Event log is a special log format in Spark. Logs are written by a driver and read by a special service called Spark History Server (SHS). SHS launches alongside the master and the workers when a SPYT cluster is started. SHS uses the log to draw a UI similar to Spark UI.

The difference between them is that Spark UI is available on the driver only while a job is running, whereas SHS is always up and can read the logs of completed jobs.
Logs are written to a dynamic table in discovery-path. SHS can delete them automatically.

Enabling

Set spark.eventLog.enabled to true on starting a job:

$ spark-submit-yt ... --conf spark.eventLog.enabled=true

Configuring

For a detailed description of SHS settings, please see the Spark documentation. You can pass any settings from this description in to spark-launch-yt ... --params '{spark_conf={"spark.param"=value;...}}'.

By default, the spark.history.fs.cleaner.enabled is set to true. The other parameters' default values are as per the Spark documentation. If the parameters are set to their defaults, SHS deletes all logs older than one week. You can change this age limit using the setting: spark.history.fs.cleaner.maxAge (spark-launch-yt ... --params '{spark_conf={"spark.history.fs.cleaner.maxAge"="14d";...}}').

Worker logs

When you start a cluster, you can configure worker logs to upload to YTsaurus tables. Logs will be written to {cluster_path}/logs/worker_log with a separate table created for each date. To enable sending of logs when starting a cluster, you must use one of these options:

  • --enable-worker-log-transfer: Enables log forwarding.
  • --enable-worker-log-json-mode: Enables json mode for the logs. Table data are displayed in a more convenient format and broken down into component parts. If the option is disabled, logs are written to a single column called messages.
  • --worker-log-update-interval ... : Sets the frequency of log upload; the default value is 10 minutes (10m), the minimum value is 1 minute.
  • --worker-log-table-ttl ... : Sets the table age limit; the default is 7 days (7d).

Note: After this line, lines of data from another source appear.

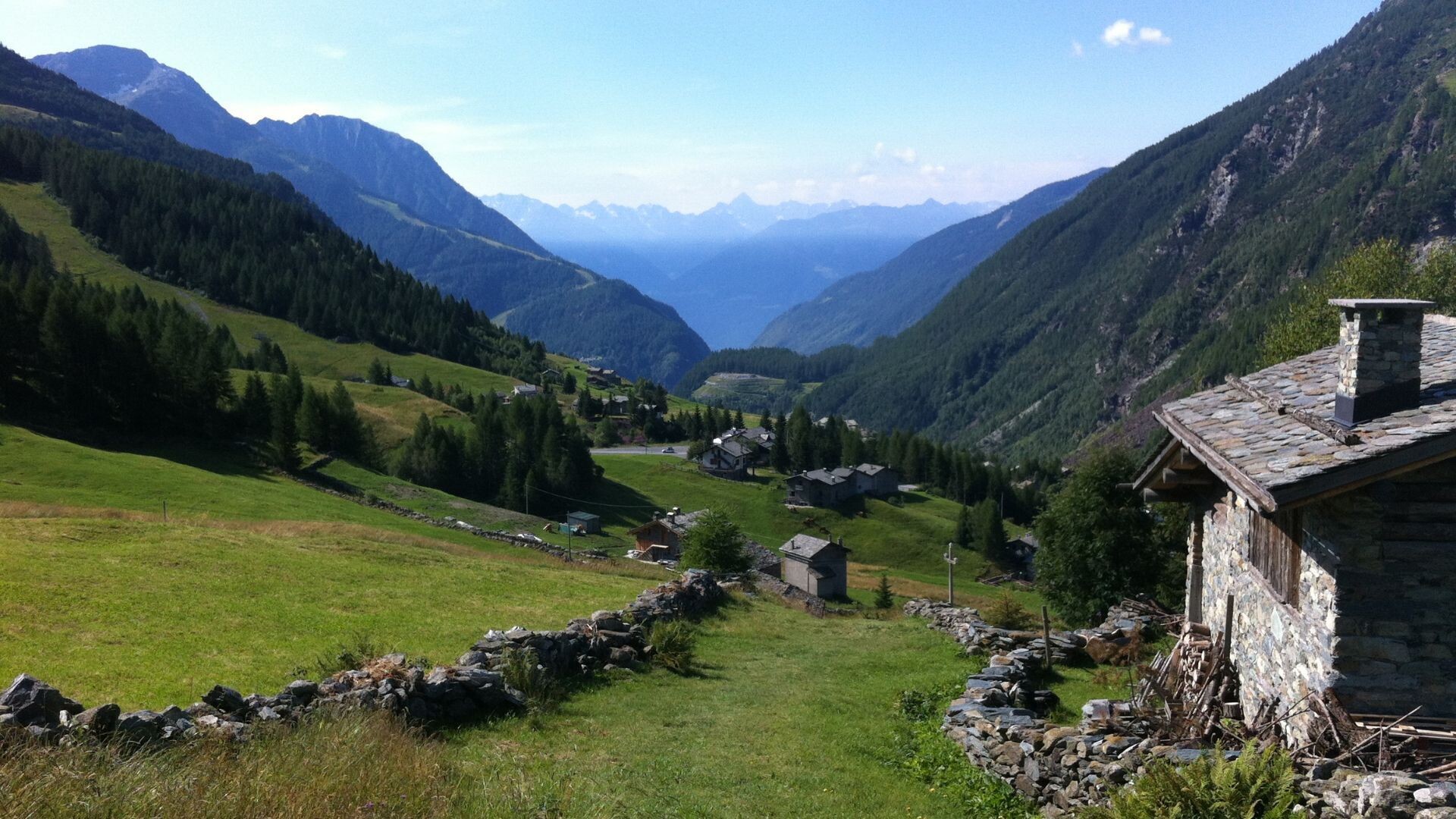 Hameau d'alpage et vallée verdoyante - Engadine - Suisse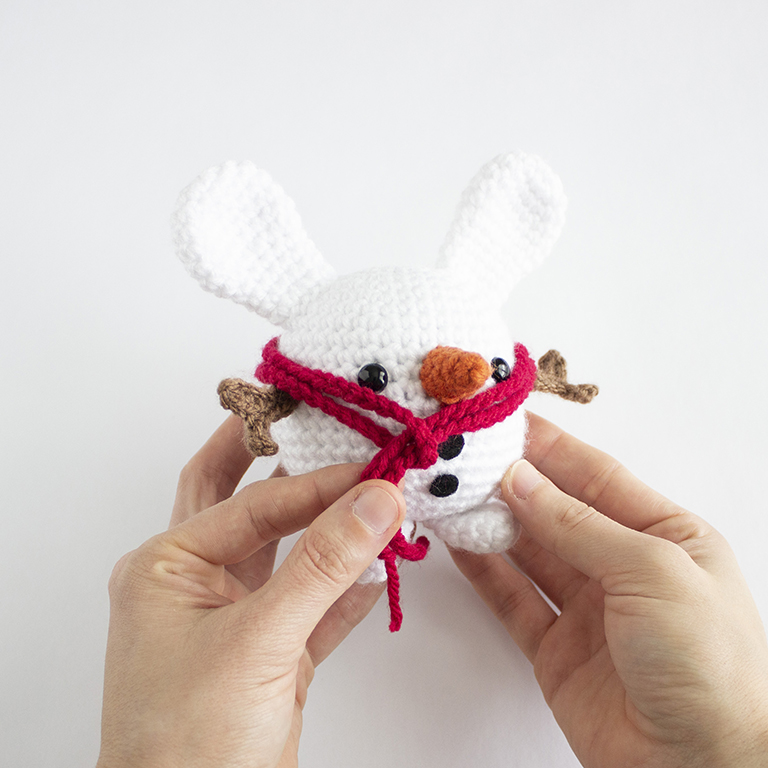 Free Crochet Christmas Snowman Bunny - Amigurumi Scarf - 02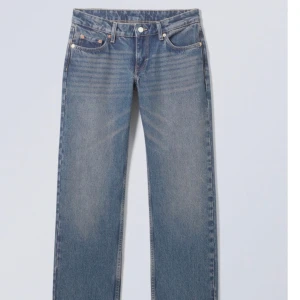 Low waist jeans - Säljer dessa super trendiga low waisted jeans från weekday eftersom de inte kommer till användning. De är inte så använda och har inga defekter. Priset går att diskutera💗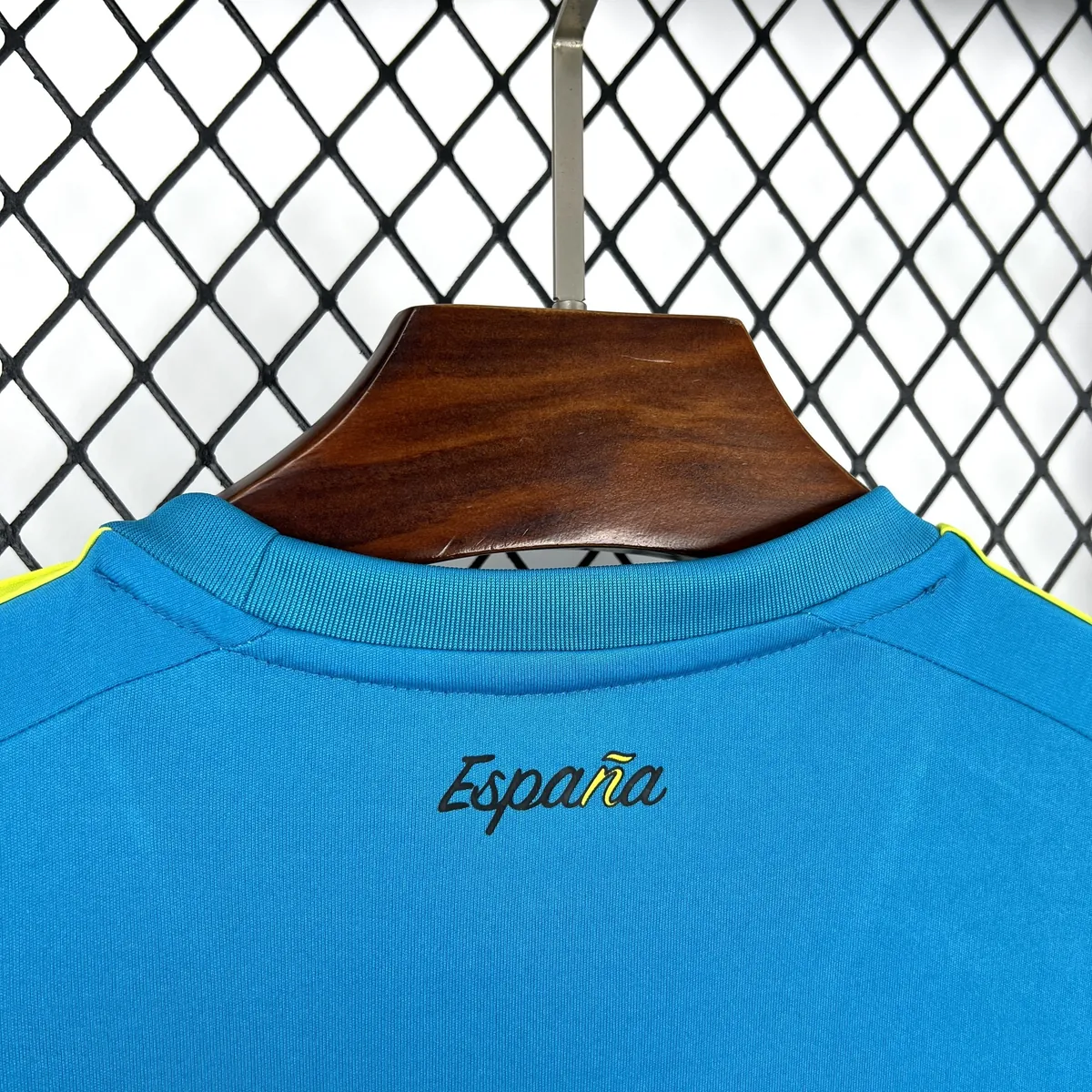 2026 World Cup Spain Goalkeeper Kit Football T-Shirt AAAAJerseys Supply Yupoo 4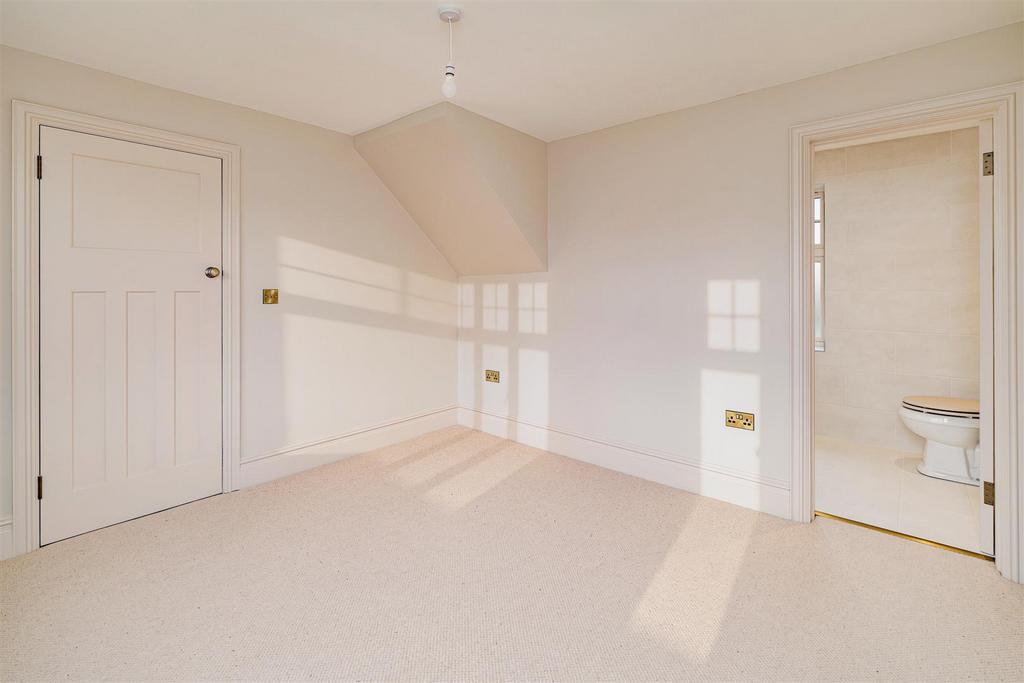 Interior32.jpg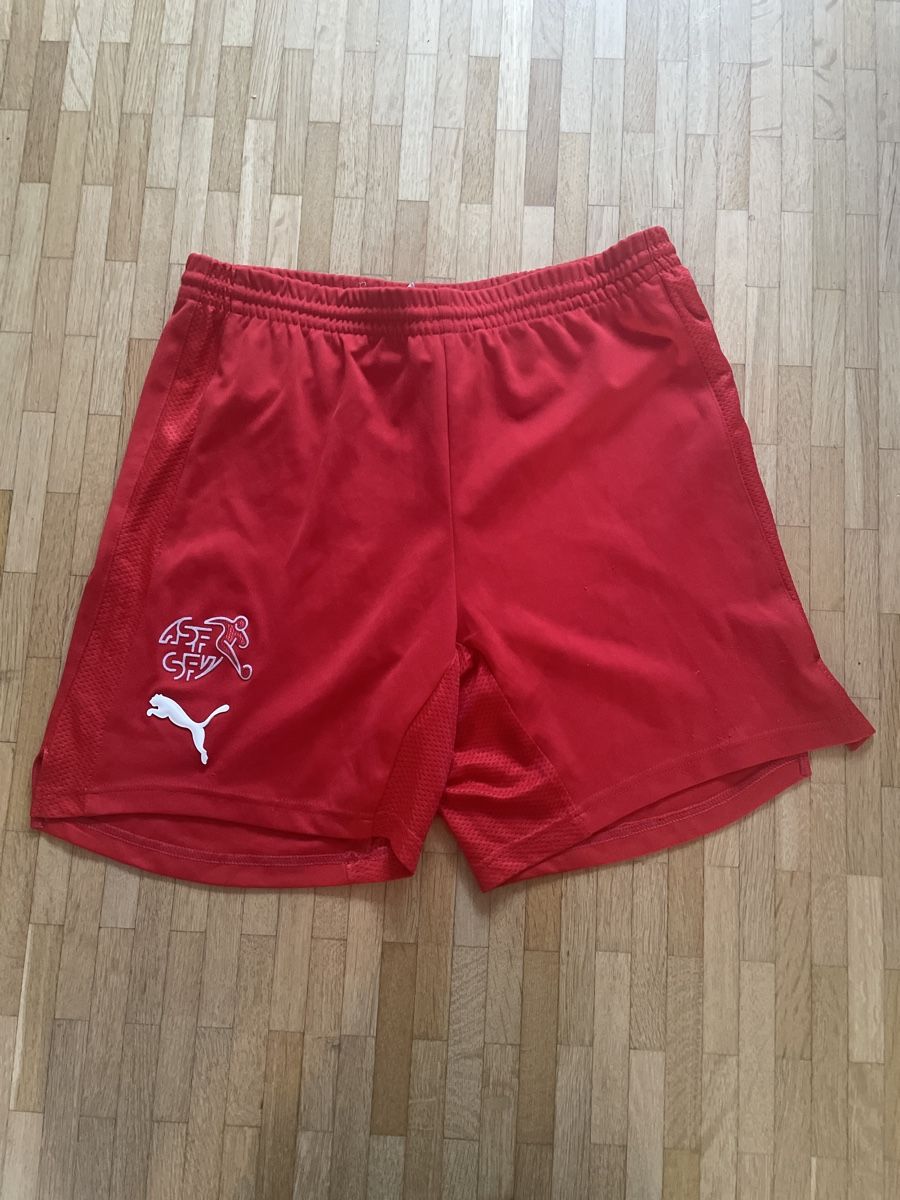 Puma Hosen: Schweiz Fussball Hose – Gebraucht aus Bolligen von nabu38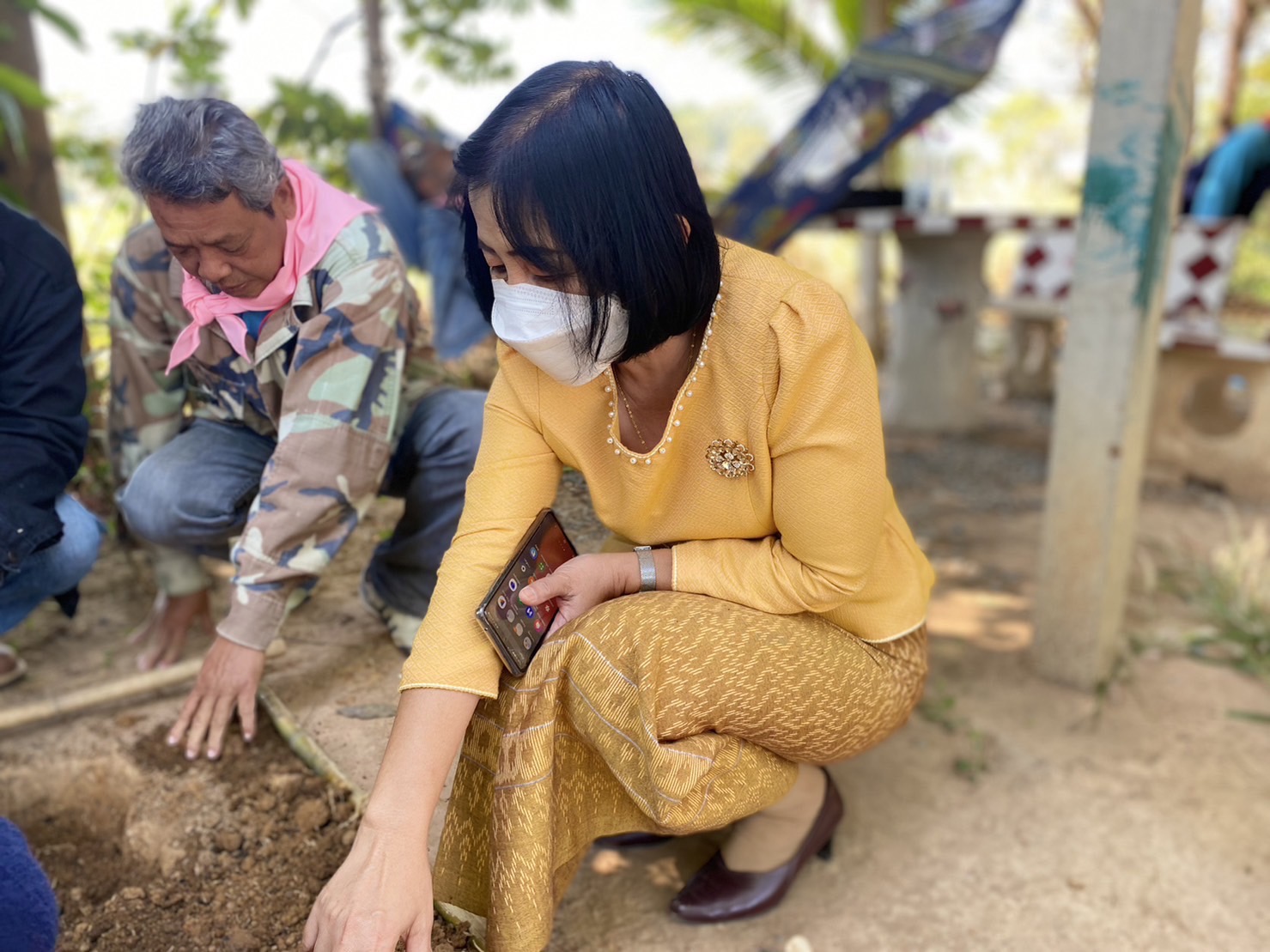 ?พัฒนาการจังหวัดยโสธร ติดตามการดำเนินโครงการพัฒนาหมู่บ้านเศรษฐกิจพอเพียง กิจกรรมที่ ๑ สร้างและพัฒนากลไกขับเคลื่อน ในระดับพื้นที่ ณ ศูนย์เรียนรู้ทฤษฎีใหม่รูปแบบ “โคก หนอง นา” หมู่ที่ 10 ตำบลพระเสาร์ อำเภอมหาชนะชัย จังหวัดยโสธร (วันที่ 3)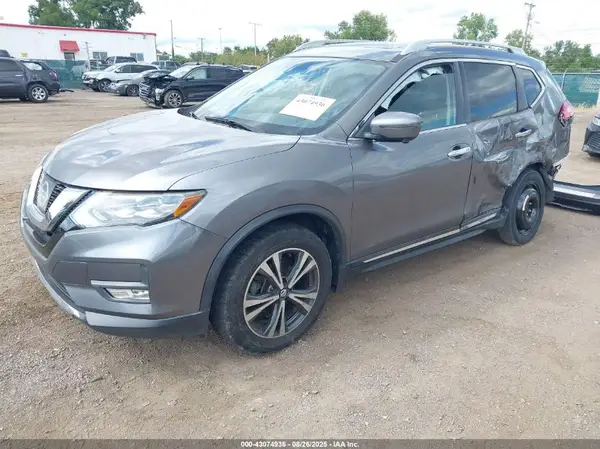 5N1AT2MV6HC747783 2017 NISSAN ROGUE - Image 2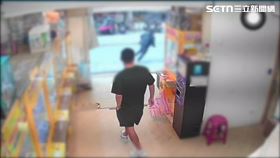 北市袁男拿自製鑰匙竊取娃娃機零錢箱，碰巧撞見店員轉身狂奔。（圖／翻攝畫面）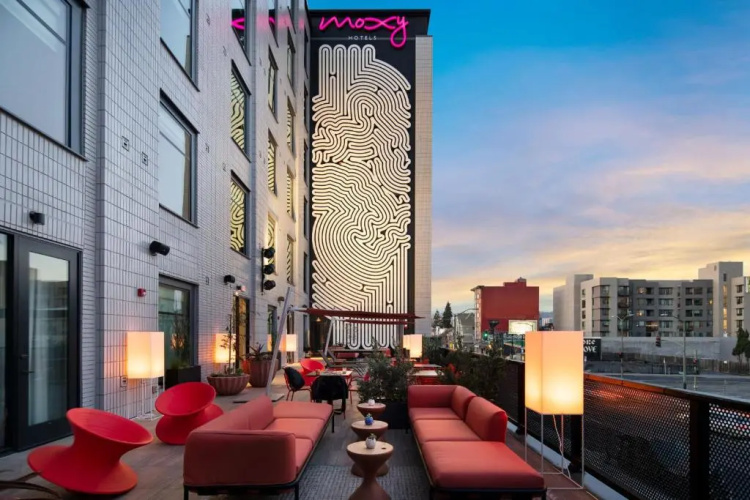 Moxy Oakland Uptown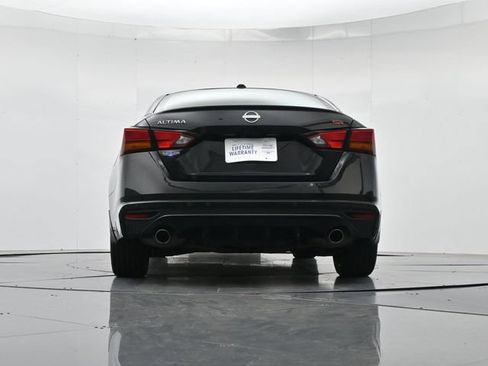 Used 2024 Nissan Altima 2.5 SR FWD image 38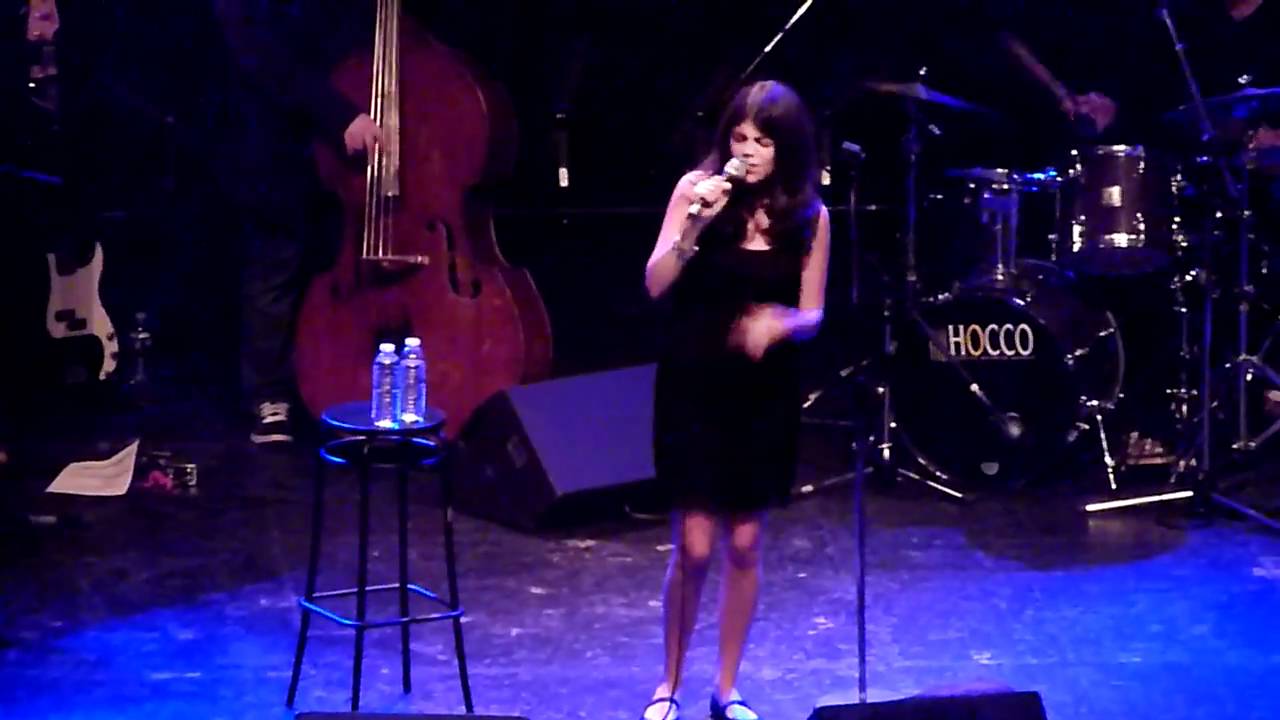 Nikki Yanofsky - Cheek to cheek (Fred Astaire cover) @ La Cigale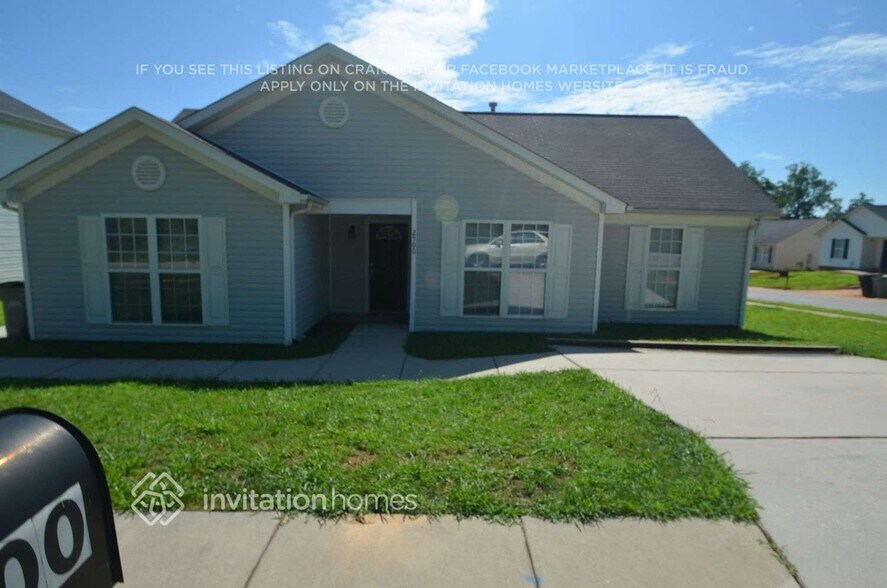 Primary Photo - 2500 Gelsinger Ave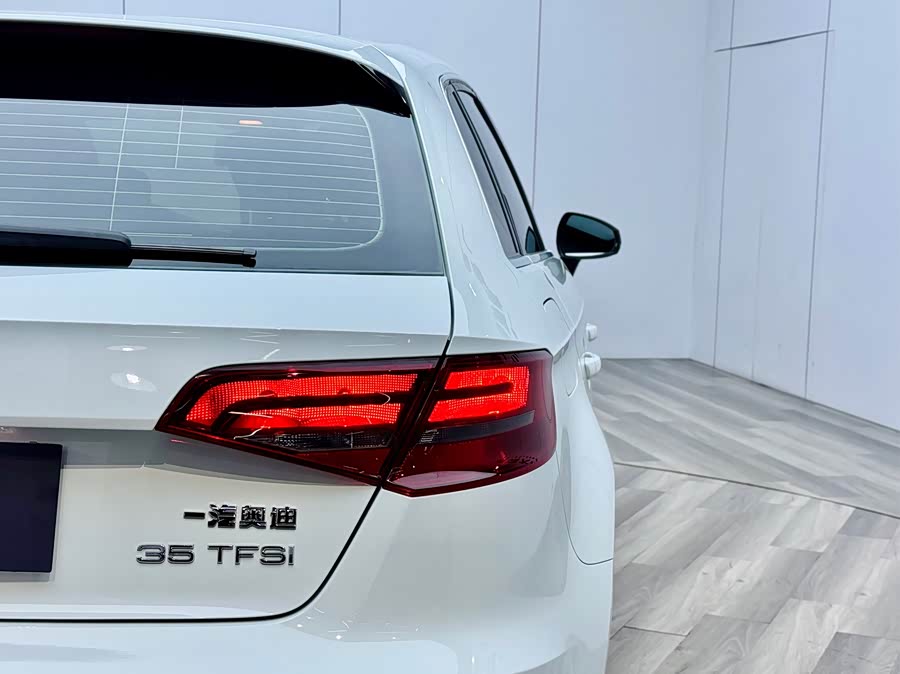 Audi A3 2016 car image #25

You can view logs on SHS: the executors tab of any application contains [HS]-prefixed links for every worker. A log page referenced by these links is generated from the YTsaurus tables; therefore, it is available even if a worker no longer is. A log persists until the relevant table is deleted:

spark-launch-yt ... \
  --enable-worker-log-transfer \
  --enable-worker-log-json-mode \
  --worker-log-update-interval 30m \
  --worker-log-table-ttl 30d